China started going into lockdown at the end of January and while restrictions were lifted across much of the country two months later, it has taken much longer to get back to full production with workers continuing to be subject to quarantine restrictions and overseas supply chains badly affected.

Certain sectors have been worse hit than others. Mining industry profits in the first five months of the year were down 43.6 per cent on year, manufacturing profits fell 16.6 per cent, and private enterprise profits shrank 11 per cent during the same period, China’s statistics bureau said. 

Separate data released over the weekend showed tourist trips and spending fell sharply from a year earlier during the three-day dragon boat festival that ended on Saturday.

Tourism spending over the period was 69 per cent lower than in the previous year at Rmb12.3bn ($1.7bn). 
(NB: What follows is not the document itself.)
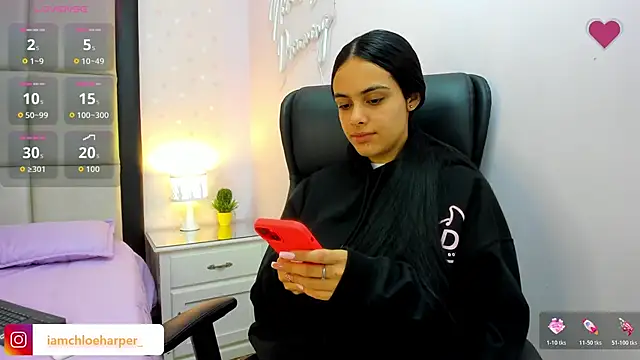 ChloeHarper  online show from 5, 11, 2025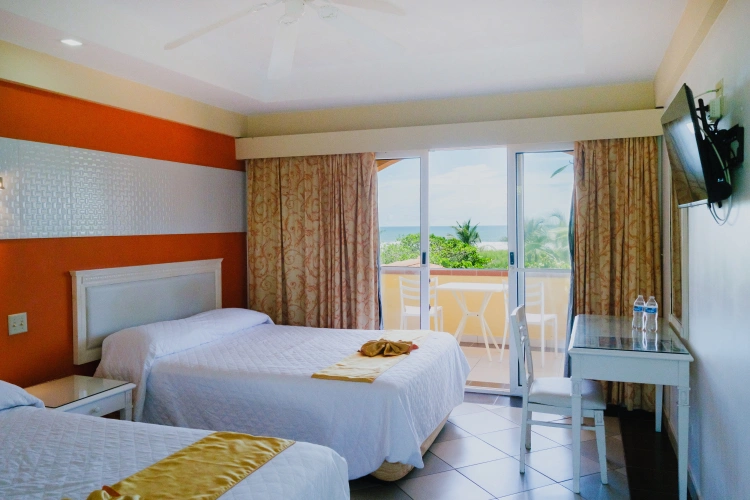 Las Olas Beach Resort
China shuts down for several holiday breaks during the year during which companies are generally required to give their employees time off. The holidays are traditionally a high point for consumer spending and travel. Tourism contributed more than 11 per cent to China’s economy in 2019. 

However, the number of tourists who visited establishments during the recent holiday fell by roughly half from a year earlier to 49m, data from the culture ministry showed. 

During China’s five day May Day break this year, 115m people made domestic tourism trips, contributing Rmb47.6bn in tourism revenue. The transport ministry reported 79m trips during the dragon boat festival, without providing data for last year.